What is a Conservation Easement?

A conservation easement is a voluntary legal agreement between a landowner and a land trust (like Heritage Conservancy) or government agency that permanently restricts certain uses and activities in order to protect the conservation values associated with the property’s natural resources and wildlife habitat.

Safeguarding resources like water quality, farmland, scenic views, and habitat benefits both the landowner and the public. The conservation easement between a private landowner and a qualified holding organization, like Heritage Conservancy, allows the landowner to continue to own and enjoy their land while creating restrictions on use of the property to help protect the conservation values of the land. The easement is a legally binding agreement that ensures the land is permanently protected through all future changes in ownership.

Conservation easement can also be placed on public lands, like a local park, to ensure that recreational lands remain open to the community.

How does the Conservation Easement process work?

Conservation Easement FAQs

Q: What makes a property eligible for a conservation easement?

A: Many factors are considered in the process of determining eligibility and will vary among entities that hold easements. Certain criteria may include size, connectivity with other preserved lands, and the quality of the land’s natural resources and habitats such as the presence of high-quality waterways or wetlands, high-quality agricultural soils, known or suspected rare, sensitive, and threatened or endangered species and their habitat. Heritage Conservancy scores a given property according to these criteria and pursues those that meet or exceed our minimum score.

Q: Why do people seek Land Conservation?

A: There are many reasons an owner may seek to protect their property, but normally people are motivated by their love for the land and desire for it to endure in its natural, agricultural, or historic state.

Q: What happens when preserved land is sold to a new owner?

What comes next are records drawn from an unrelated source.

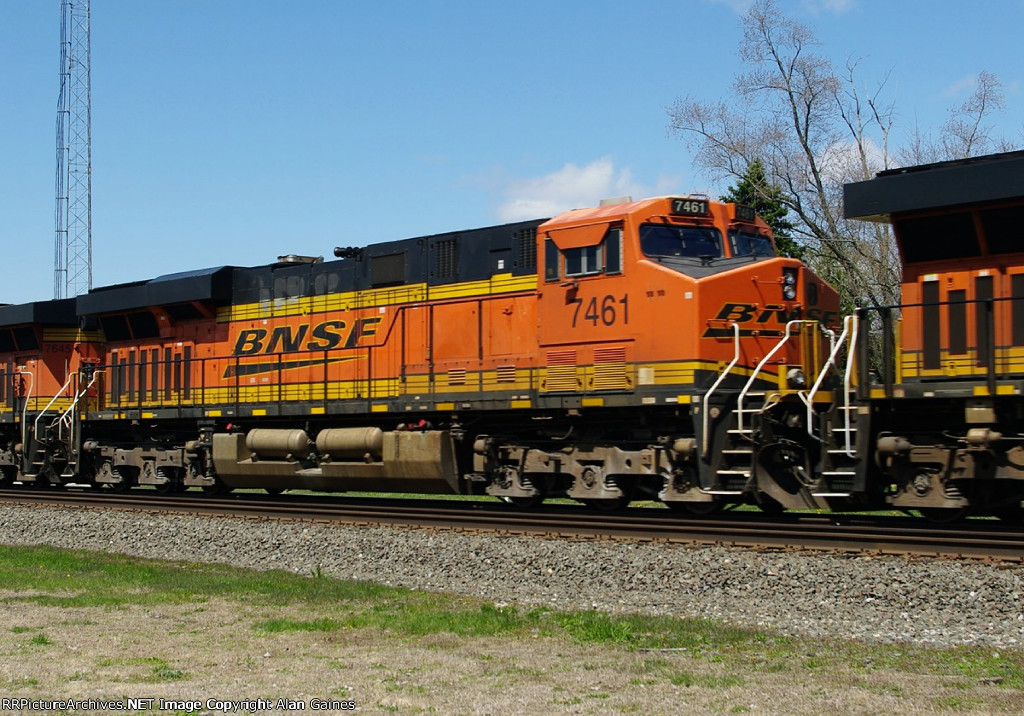 BNSF 7461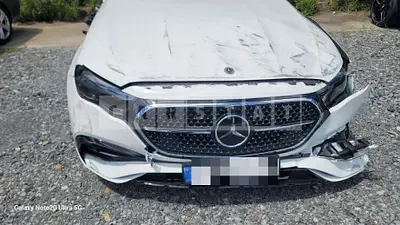 Photo 1 of 33: 2024 Mercedes-Benz E300 4Matic — Korean insurance auction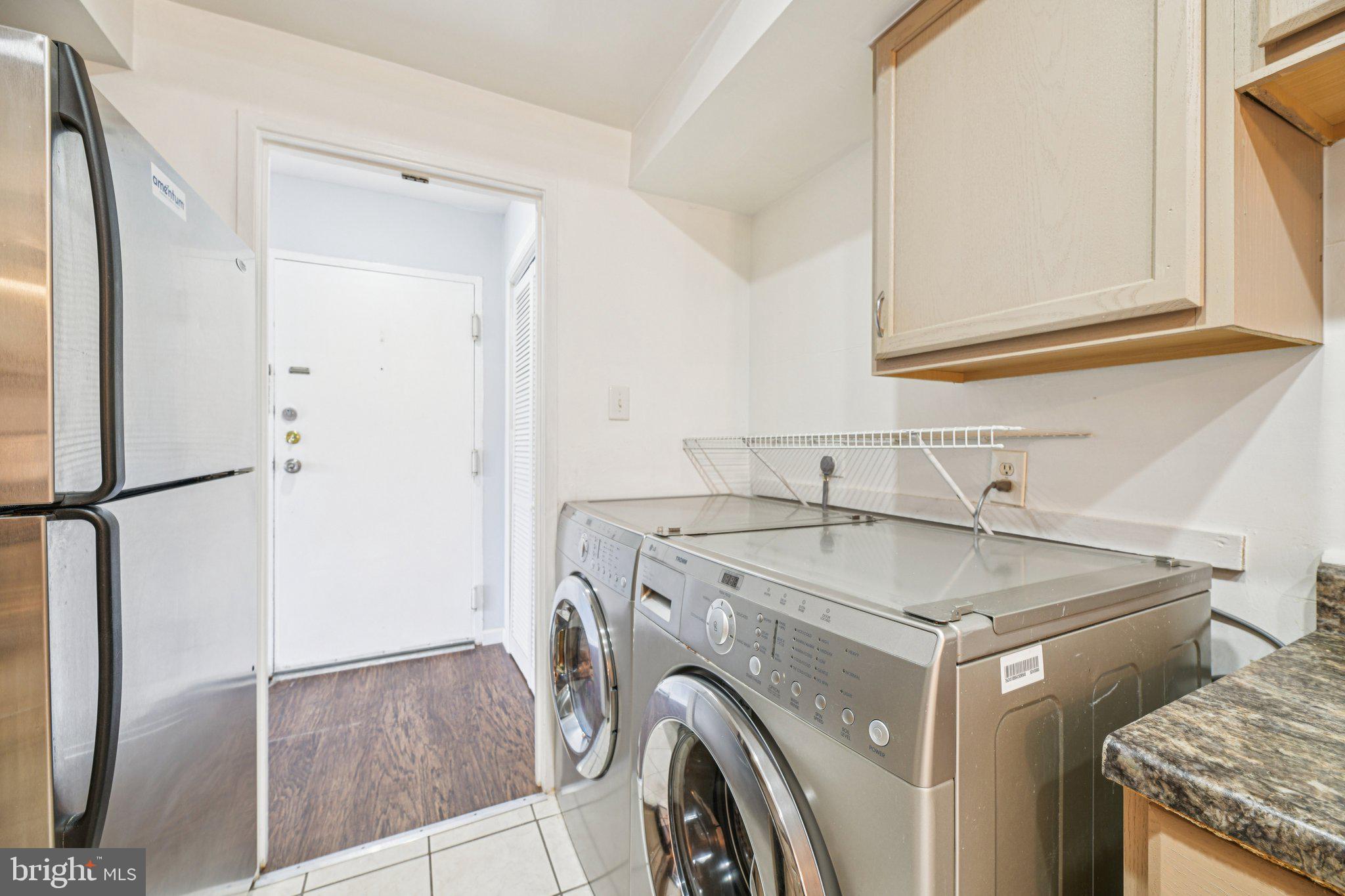 PINE CONDOMINIUM - Residential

A: Sellers or their representatives should disclose that the property is protected by a conservation easement that limits the types and intensity of uses and improvements that can be conducted on the land. Buyers may even be attracted to a property because of its ecological value and preservation status. As conservation easements protect land legally in perpetuity, new owners are bound by the easement put in place by the grantor of the easement.

Heritage Conservancy’s land conservation work

Heritage Conservancy is a nationally accredited land trust based in Doylestown, PA. We hold Conservation Easements in Bucks, Montgomery, and Northampton Counties. We partner with municipalities to help administer local land conservation programs.

Once a property is protected with a conservation easement, we work with landowners to help them steward their property, to improve and protect its habitats for wildlife. We offer regular events and educational opportunities for landowners and remain a resource for them throughout their ownership of a protected property.